The woman puts something in her basket. Basket. Good. Maybe that means she’s shopping for one. Hell, the only reason I have a cart is that I despise grocery shopping and the less I have to do it the better.
She brushes a piece of blonde hair behind her ear, and I can see her face even more clearly now. Holy hell, maybe this place isn’t so bad after all. She’s a good twenty feet away, but I swear she comes into focus as if she’s right in front of me. She’s gorgeous. And though I can’t make out the color of her eyes, I know they are as beautiful as the rest of her. Her cheekbones are high and pink. Her lips rosy and full. And her body—if what’s underneath her bright blue romper is anything like the rest of her… wow.
I will her to look up and see me.
“Hello, Blake,” Mr. Truman says from behind the meat counter. “Haven’t seen you around for a while. You back in town now?”
I face him. “Have been for about a month, Mr. Truman.”
“Finally joining your daddy’s business, eh?”
“You know it. I’ve been working at the winery full time since I’ve been back.”
His head bobs up and down. “I suspect it’s in good hands then.”
“I appreciate the vote of confidence. See you later, sir.”
“That you will.”
Glancing over at the produce section, I’m disappointed that the woman is gone. It’s just as well. I don’t need any distractions. As the newly appointed Chief Operating Officer of Montana Winery, all of my energy needs to go into impressing Dad—showing him I can handle things and letting him see I’m the responsible adult he always claimed I could be. He’s worked for decades putting the winery on the map, and over the past several years, he’s been handing over the reins. First, he made Lucas Chief Marketing Officer, then our middle brother Dallas, became Chief Financial Officer, and now me.
While he’s still very much a presence there—he is only fifty-eight after all—he’s due time off and an early retirement. It’s our turn to run things now. Even our sister Allie has gotten more into the business over the past few years, running the tasting tours and organizing events.
I catch a glimpse of blue down the toiletry aisle. The mystery woman looks up. Our gazes collide and she looks at me the same way I do her. As if intrigued. Mesmerized. Entranced. If expressions could speak, hers is saying she likes what she sees. But it’s also telling me she’s hesitant, as if silently begging me to make the first move. Like part of her is worried I wouldn’t be receptive.

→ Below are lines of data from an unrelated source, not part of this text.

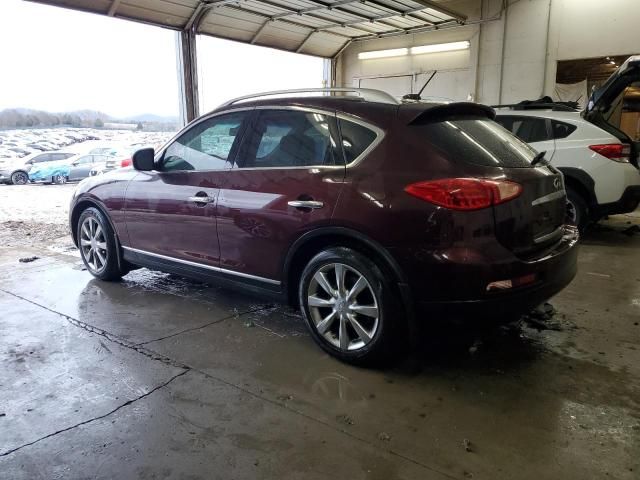 2011 Infiniti EX35 Base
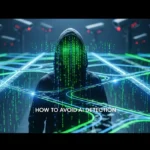 How to Avoid AI Detection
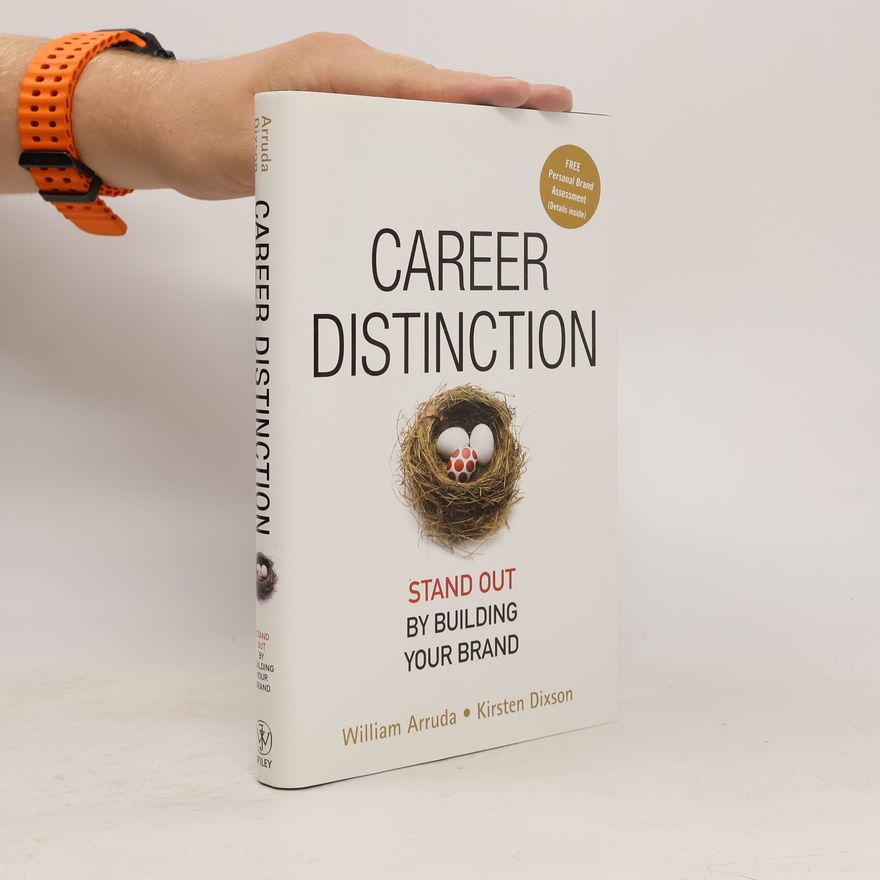 Kirsten Dixson Career Distinction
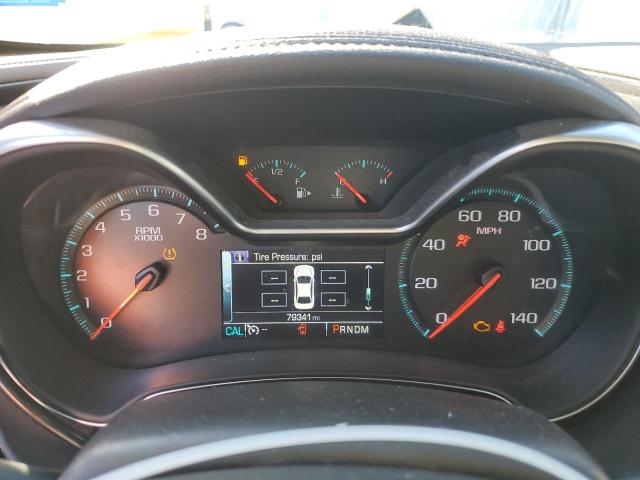 2019 CHEVROLET IMPALA LT - 2G11Z5S38K9122623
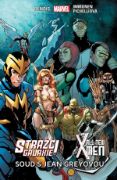 Obrázek Strážci galaxie/New X-Men: Soud s Jean Greyovou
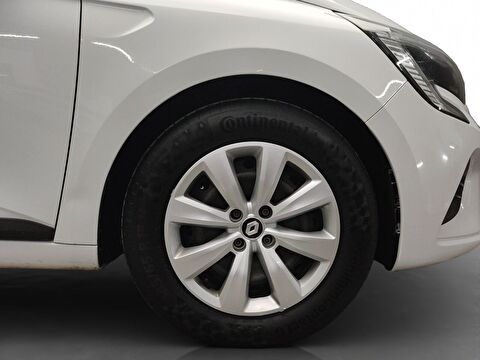 renault, clio, 1.0 tce joy x-tronic, otomatik, benzin 2.el otomobil | renew 11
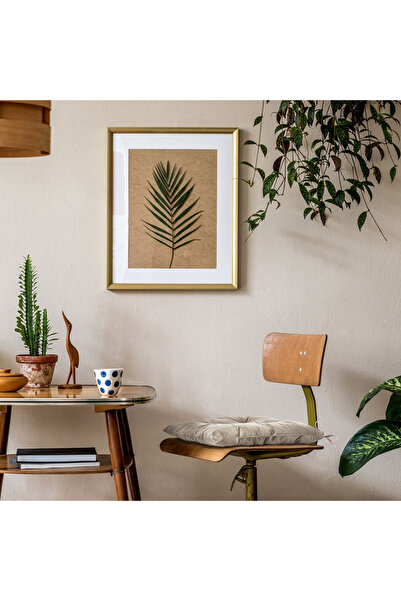 Amelia Home Velvet quilted chair cushion with cords, 210 g/m2, Aleksa, 40x40 cm, cream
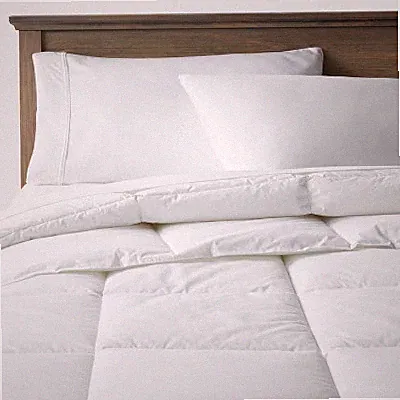 King/California King Performance Down Alternative All Season Duvet Comforter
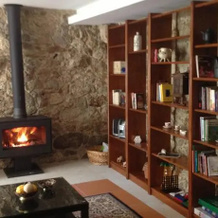 Casa Dos Fernandos, Pico De Regalados, Gondiães E Mós — фото 5
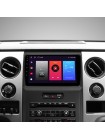 Штатна магнітола Sigma X9464 4+64 Gb Ford F150 P415 Raptor 2008-2014 (B) 9" (L3) CarPlay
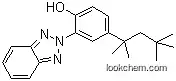 2-(2H-Benzotriazol-2-yl)-4-(1,1,3,3-tetramethylbutyl)phenol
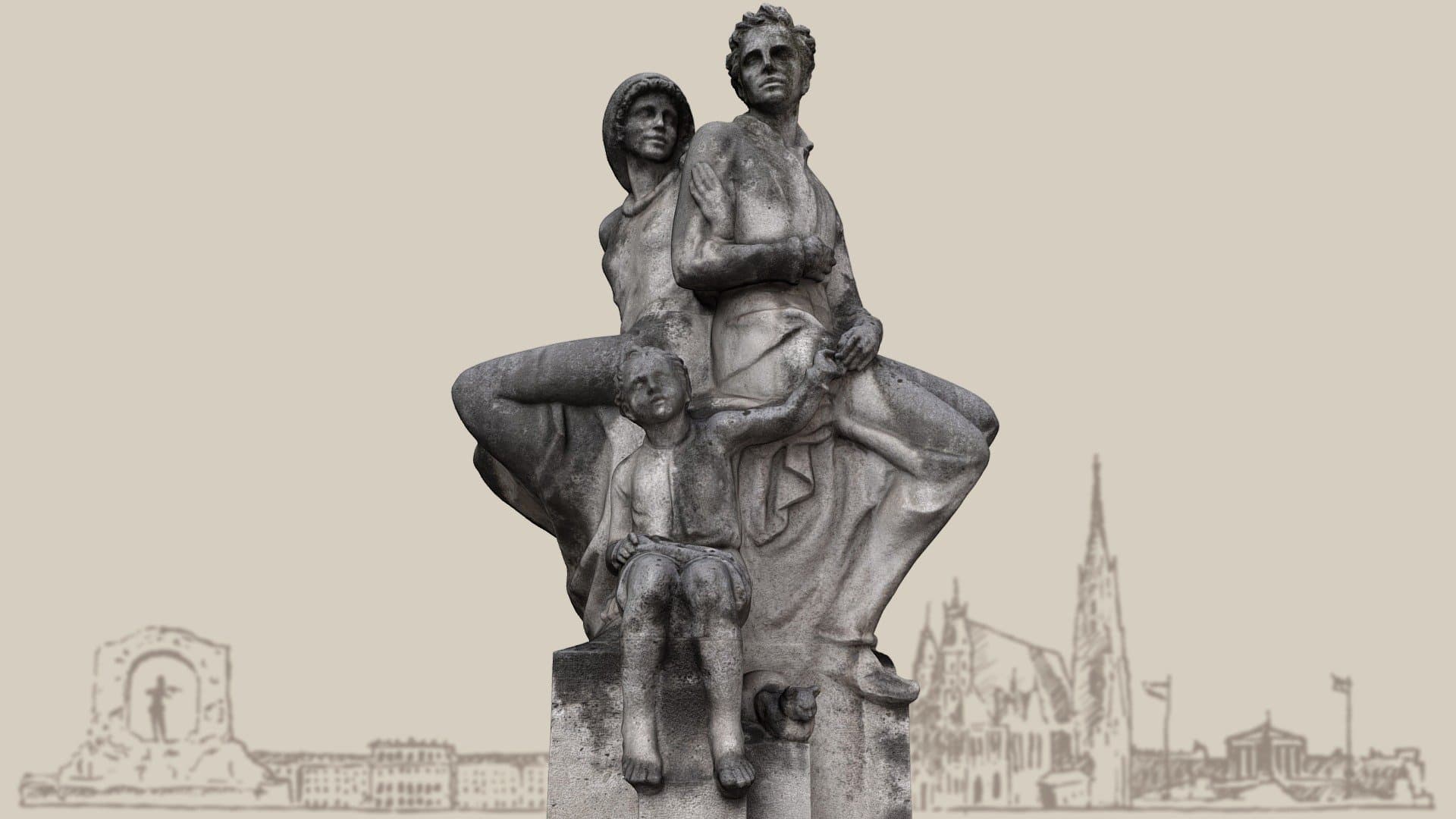 Die Familie
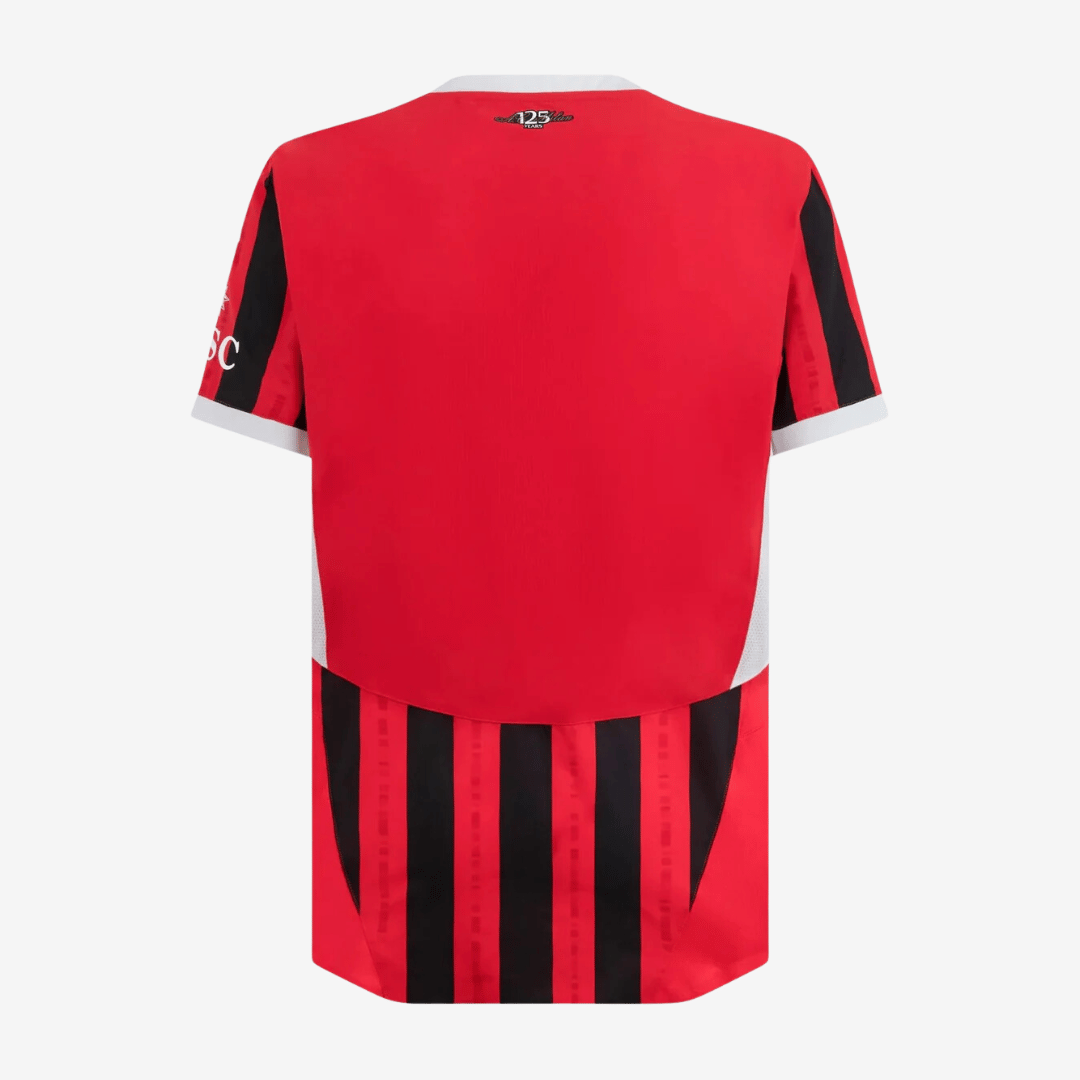 Camisa Puma AC Milan 2024/25 I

However, I can’t move. My feet are cemented in place just as my eyes are. I swallow. Because for the first time in my life, I’m at a loss on how to approach a woman. At a glance, I can tell this woman isn’t like all the others. She’s different somehow. Special. How do I do this? I have absolutely no fucking clue.
I think it’s her eyes. I’m drowning in them. And I sure as hell don’t want to be saved.
She looks at me like she knows me. There’s no way she does. I’d have remembered a face like hers.
What she couldn’t possibly know—because no way is my face as expressive as hers—is that in these fifteen seconds, my whole outlook on life has changed. Because of her. A stranger in a grocery store. She also doesn’t know that this feeling inside me—this foreign feeling that once we speak, I’ll never be the same—has knocked the wind right out of me. It literally causes my breath to hitch, and I swear I hear angels sing.
Mrs. Kendall, the high school choir teacher, comes around the corner humming a tune, and I laugh inwardly at my idiotic notion.
“Hello, dear,” she says, stopping her melody.
“Hi, Mrs. Kendall.”
“I didn’t know you were back in town. You helping out your parents?”
“Yes, ma’am.”
“Good boy,” she says like I’m five and not twenty-six, then scampers off, resuming her humming.
When I turn back again, the mystery woman is gone.
I push my cart from aisle to aisle, searching for her. After all, we had a moment. Blake Montana doesn’t have ‘moments’ with women. Flings. One-night-stands. Hookups. But never moments. And for damn sure never ones as intense as whatever the hell passed between us in those few seconds.
Maybe she wasn’t even real. An apparition conjured up by my overactive imagination courtesy of my four-month dry spell.
Yeah, that’s what it was. My mind dreaming up the perfect woman. Dark blonde hair that reminds me of a sandy beach at sunset, expressive eyes a man could get lost in, the face of an angel, a body that wars are fought over, and a voice that would shout my name when I nuzzle between her legs. Utterly divine.
But I’m not crazy enough to think such a creature exists.
I put her out of my head and stick to the job at hand. I fill my cart with the usual: Cereal. Snacks. Milk. Beer. And some healthy shit I’ll probably never eat but get anyway in case Mom looks through my pantry.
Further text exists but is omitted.